Bowler Pat Cummins, recovering from a back injury, will accompany the squad as a development player. Inverarity said Cummins rehabilitation was progressing well and he would play in a couple of very low intensity games in Ireland this week.
"There is a possibility he could play towards the backend of the tour to South Africa also," Inverarity added.
Australia A play three, four-day matches beginning on July 18 against Zimbabwe in Harare. They play South Africa A in Pretoria from July 24 and again from July 31 in Rustenburg. They then take part in a one-day series against South Africa A and India A beginning August 6.
Australia A squad: Steve Smith (captain), Aaron Finch (vice-captain), Ashton Agar, Fawad Ahmed, Nathan Coulter-Nile, Alex Doolan, Josh Hazlewood, Moises Henriques, Nic Maddinson, Mitchell Marsh, Shaun Marsh, Glenn Maxwell, Tim Paine, Gurinder Sandhu, Chadd Sayers.
Inverarity has told England now is not the time to dismiss his side’s chances of regaining the Ashes, despite the controversy currently engulfing the tourists.
Title-holders Australia’s early exit from the Champions Trophy tournament in the UK, which included a defeat by arch-rivals England, was compounded when David Warner was suspended until next month’ first Test for a bar-room attack on home batsman Joe Root and fined Aus$11,500.
Warner’s conduct was labelled "despicable" by Cricket Australia chief executive James Sutherland, yet the opening batsman was allowed to remain on tour rather than be sent home.
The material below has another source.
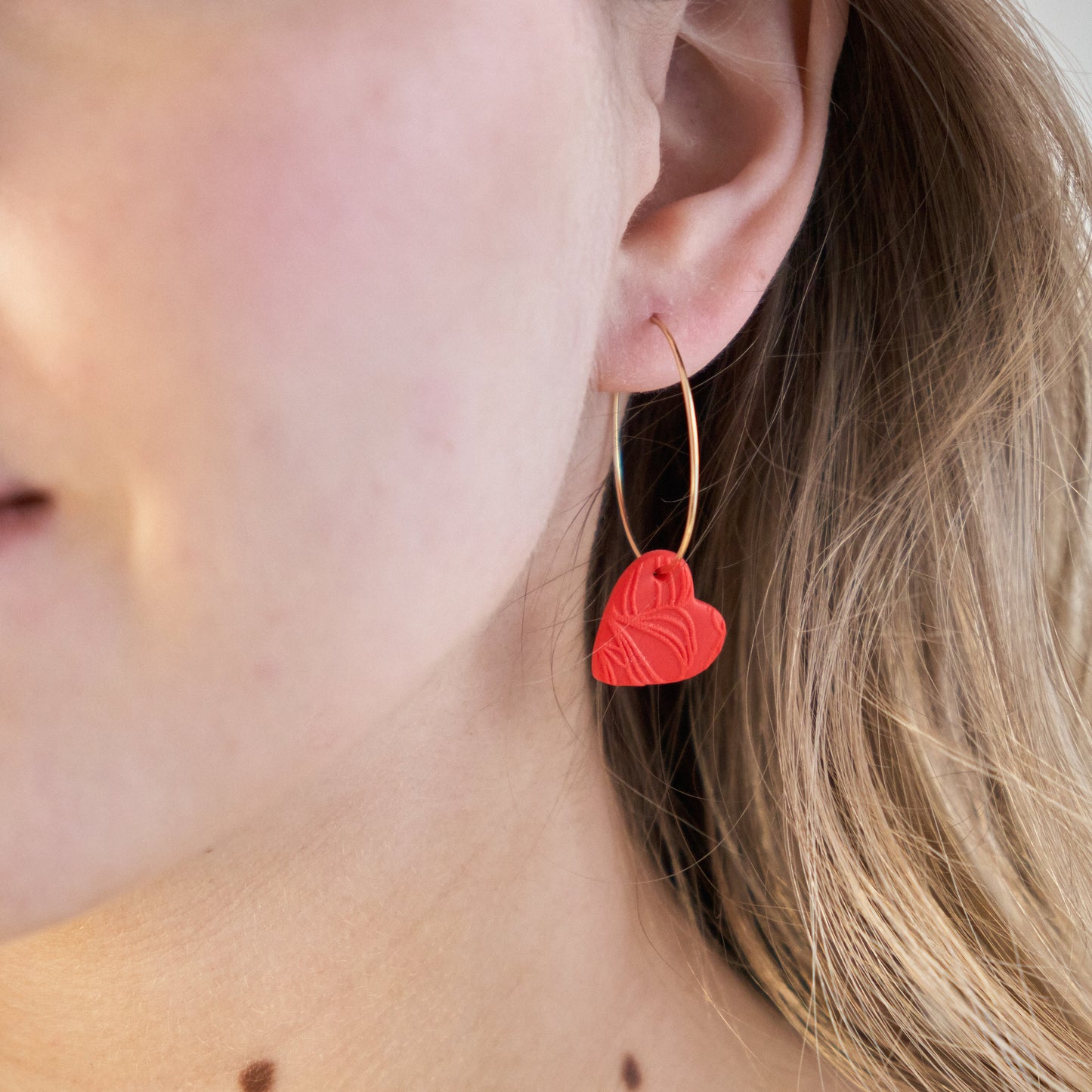 Golden Hoops With Polymer Clay Heart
It all raised fresh questions about the squad’s discipline, particularly in the light of the "homework" incident in India earlier this year when four Australia players were made to miss a Test for failing to provide feedback requested by team management during the course of a 4-0 series loss. Captain Michael Clarke, now Australia’s best batsman, has not played a competitive match since March owing to a recurrence of a back injury he suffered in India and was absent again as the team’s Champions Trophy exit was confirmed by Monday’s 20-run loss to Sri Lanka at the Oval.
Australia’s 16-man Ashes squad lack the stellar names of recent times, with Ricky Ponting, now playing for English county Surrey, among the absentees.
But Inverarity insisted the Ashes squad contained the "best players available" and that history showed Australia teams written off before a tour of England had a habit of making critics eat their words.
"In 1968 it was said that we had one of the weakest squads, that was 1-1," former Test batsman Inverarity, last man out when a Derek Underwood-inspired England won the final Test at the Oval but Australia retained the Ashes, told BBC Radio’s Test Match Special.
"And another time I remember the English Press said it was most certainly the weakest team to come to England was in 1989 and Australia won the series 4-0. We have got in that squad of 16 the best players available. We are looking forward to them acquitting themselves well and we will see what happens."
Warner has been banned up until the start of the first Ashes Test in Nottingham, on 10 July and with Australia’s squad containing several other opening batsmen, his immediate Ashes prospects appear gloomy.
But Inverarity insisted Warner could yet feature at Trent Bridge despite being banned from Australia’s two warm-up matches. "Yes, he has a chance to play, certainly," Inverarity said. "In any cricket season in years gone by you might have a wet start to the season. Players sometimes miss games and then come back and make centuries."
Inverarity, who combined his cricket career with being a schoolmaster, insisted Australia did not face fundamental problems regarding players’ discipline.
"There have been one or two hiccups but basically they are a very decent, nice bunch of young men who behave themselves extremely well," he said. "I don’t think that has changed over the years."
Clarke is expected to return for Australia’s first warm-up game against Somerset next Wednesday. "We very much need him at the helm," Inverarity said. "He is a very good captain and the troops are right behind him and we very much miss him when he is not there although George Bailey has done a good job in his absence."